Luke recorded a parable by Jesus in 18:9-14 of his gospel. The story Jesus told was about two men in the temple and their approach God. The first man, a Pharisee, came before God reciting a checklist of all of the good things he had done. Interestingly, Christ never suggested that the man didn’t do the things of which he boasted nor did He say they were exaggerated or embellished in any way.
However, His story does ring with an indictment of the man for a failure to be up front about the less favorable characteristics of his life. The Pharisee’s presentation focused solely on the good things that he had done while ignoring his darker deeds. His approach to God was the equivalent of a man accused of a crime pleading innocent to every crime except the one for which he was accused. Everything that he said was true—but it was incomplete in such a way as to be inaccurate and distorted.

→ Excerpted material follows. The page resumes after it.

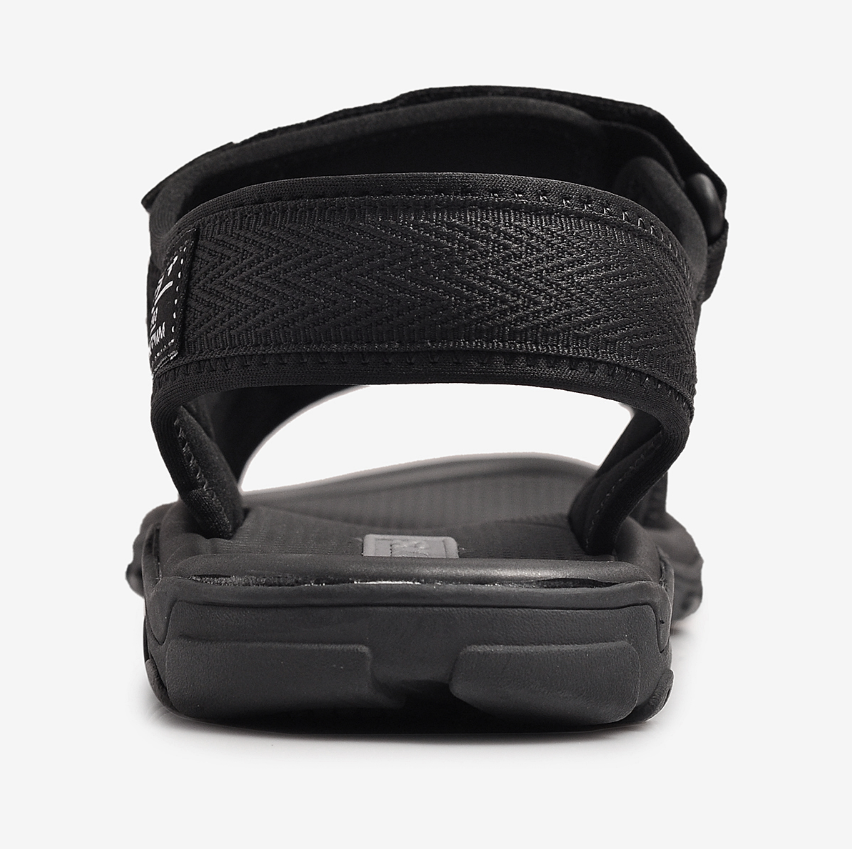Sandal Bitis nam (38-45)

The second man, a tax collector, was just the opposite. At first glance, we might be tempted to think that he suffered from a poor self-image since he spoke only of how bad he was and threw himself upon the mercy of God. While his account seems as unbalanced as the first man’s, in reality it is not.
Whereas the Pharisee assumed that his good deeds somehow outweighed his bad ones and earned Him relationship with God, the second man understood that his sinfulness meant that he couldn’t be good enough to be good enough so he made no pretension. He entered a guilty plea and concluded that divine mercy (rather than his deeds), would have to be the basis for a relationship with God. While this runs counter to so much of the message from our culture, the truth is, it is the truth. And, any image of ourselves that is built on something other than the truth cannot be healthy and ultimately will not stand.

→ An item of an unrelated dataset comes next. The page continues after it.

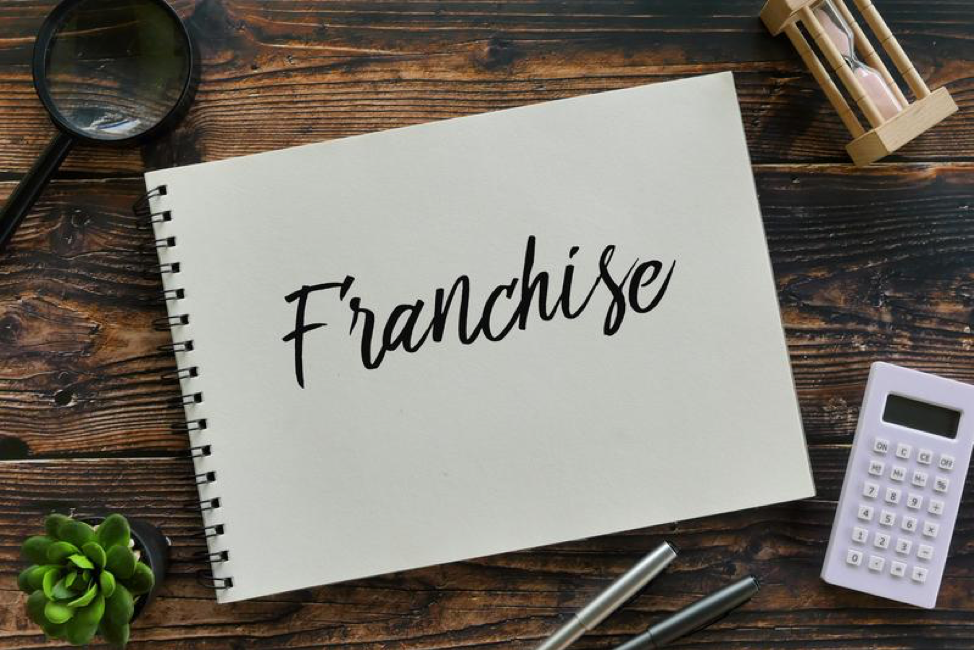 Why Good Management is Critical for Franchises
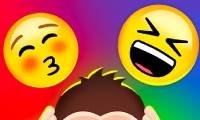 Emoji Guess - crazygames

Moreover, it cannot provide a sound basis for relationships with others.
As revealing as the parable is, it is Luke’s preface has always startled me with its relational clarity. There were some in Jesus’ audience who “were confident of their own righteousness,” (v. 9). In other words, they were living under the delusion that they were good enough to be good enough. They believed they had merited God’s favor by their virtuous life. As we’ve noted, this isn’t true so it cannot be healthy. A self-image that causes one to boast before God is a relational accident looking for a place to happen. Little wonder that Luke finishes his description of such people by telling us they, ‘looked down on everybody else,” (v. 9). How could they not? If they believed themselves to be good enough to good enough for God, then obviously everyone who didn’t measure up (the rest of the general population), would suffer by comparison.
At this point I’m afraid that it becomes easy to be dismissive of this episode by telling ourselves, Well, I’m okay here because I recognize that I need God’s grace. While it’s certainly good to have the understanding that a healthy relationship between God and man is not possible without God’s grace, that’s recognizing only half of Jesus’ teaching here.
Relationships aren’t just vertical (between God and man), they are also horizontal (between man and man), and Jesus taught in Matthew 22:37-40 that both kinds of relationships are foundational to God and our relationship with Him! This too is the teaching of the parable – the grace that fosters our relationship with God also forms the basis for our relationship with others.
The Pharisee’s pride distanced himself and created a barrier between himself and others. By contrast, the tax collector’s admission of his need for grace tore down those walls and enabled him to see that all people stand together as sinners in need of God’s grace. No one is different, special, or unique in this regard. Everyone is in need of grace.